Tower (2016)

“It was just a whole different world.”

Not only do history books serve as a memory bank and an archive of the past, but more often than not they also sadly become reliable predictors of the future. Wars follow wars. Legalized slavery became illegal yet institutionalized incarceration. Innovation breeds further innovation. In the case of this truly stunning documentarythe precedent for killings on college campuses is set, and paved the way for school playgrounds to become war zones. Tower scrutinizes and personalizes how these aftereffects were spawned from the 1966 catastrophe at the University of Texas clock tower in what is now considered the first mass shooting in modern America. Do not miss this movie.

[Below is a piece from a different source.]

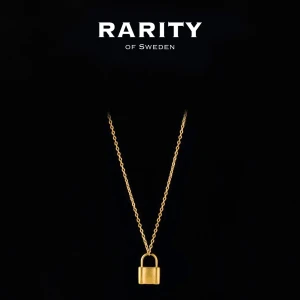 Lock Necklace - Gold: Guldigt halsband med lås från Rarity - Stilrent halsband i guld från Rarity of Sweden med ett coolt hängsmycke i form av ett lås. Kedjan är tunn och elegant, perfekt för att ge din outfit en trendig touch. Passar dig som gillar unika detaljer och modern design.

On a sweltering 100 degree day, the previously unthinkable became the forever unforgettable. Charles Whitman – a troubled 25-year-old and former Marine sharpshooter – murdered his mother and wife before taking the tower’s elevator to the 28th floor observation deck and opening fire. Students, faculty members, police officers, children riding bicycles. Any person who happened to enter his crosshair was a potential target. Tower cares about and contemplates his actions, all without indulging them in infamy, glorification or making him a headliner. Outside research tells us of Whitman’s possible mental health issues linking his barbarity to instability, which makes sense that the film never really puts his face on a poster. It does not seek to villainize or trademark his lost soul as the hallmark of evil; the movie wants to explore his actions and possibly contextualize them through the experience of the survivors. By doing so, Tower takes a long, bellowing, and intrinsically human toll. This one’s an emotional hurricane.

I’ve never seen a documentary quite like Tower before. Granted, I initially found its creative approach and the style to be a bit too impersonal and a tad pretentious. Much of the movie resembles Richard Linklater’s adaptation of the Philip K. Dick novel A Scanner Darkly. There’s amazingly candid footage of the events, interviews cast the real people at an appropriately twilight age before we actually see them in the now. Why does this movie want to look different? What does this combination add up to or aspire to? Keith Maitland’s film settles all of these small claim disputes or misinterpretations not only by staying true to his artistic sense, but by allowing the multiple techniques to express a cinematic effect. Had the much-lauded documentarian Ken Burns directed this film it’d likely have taken his typically thorough and static approach: swipes of pictures, heavy narration, and eventual tools for teachers who want a day off. That’s a clear, precise and informative style, whereas Maitland achieves something both uniquely present and cinematic, dramatizing the chaos and equating it to current events without ever exploiting the loss of human life.

It’s rare to find a picture with the confidence and the storytelling power to employ all of Aristotle’s three “ingredients for persuasion.” Maitland has no struggle in channeling Pathos through the natural emotional trigger of lost lives. Nor does he lose balance when it comes to the Ethos, as the strength and empathy of the victims gives these people an unimaginable sense of forgiveness and tragic comprehension. But where the film resonates most deeply and what sets it apart from other tear-jerking jackhammers is that it confronts fact and fiction with absolute conviction in its Logos. In one passage, after being asked to recall the shooting an interviewee says, “How would I describe the color of a rainbow to a person born blind?” Tower probes with pathos, exudes ethos, and like that quote, triggers questioning and lasts long after the credits roll because of the wide-ranging spectrum of heroism and cowardice living within its animated logic and intellect.

“There’s a special place in Heaven for people like that.”